(RECORDED INFORMATION):
-----

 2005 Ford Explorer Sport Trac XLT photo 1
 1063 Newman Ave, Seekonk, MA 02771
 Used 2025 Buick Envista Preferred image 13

-----

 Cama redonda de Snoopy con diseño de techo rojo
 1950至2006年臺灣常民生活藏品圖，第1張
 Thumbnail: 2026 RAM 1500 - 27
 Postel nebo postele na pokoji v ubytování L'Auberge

-----

(TASK): Copy out, exactly and alone, the lines of the entries above between the ones holding "Thumbnail: 2026 RAM 1500 - 27" and "Postel nebo postele", inclusive.

(TASK RESULT):
 Thumbnail: 2026 RAM 1500 - 27
 Postel nebo postele na pokoji v ubytování L'Auberge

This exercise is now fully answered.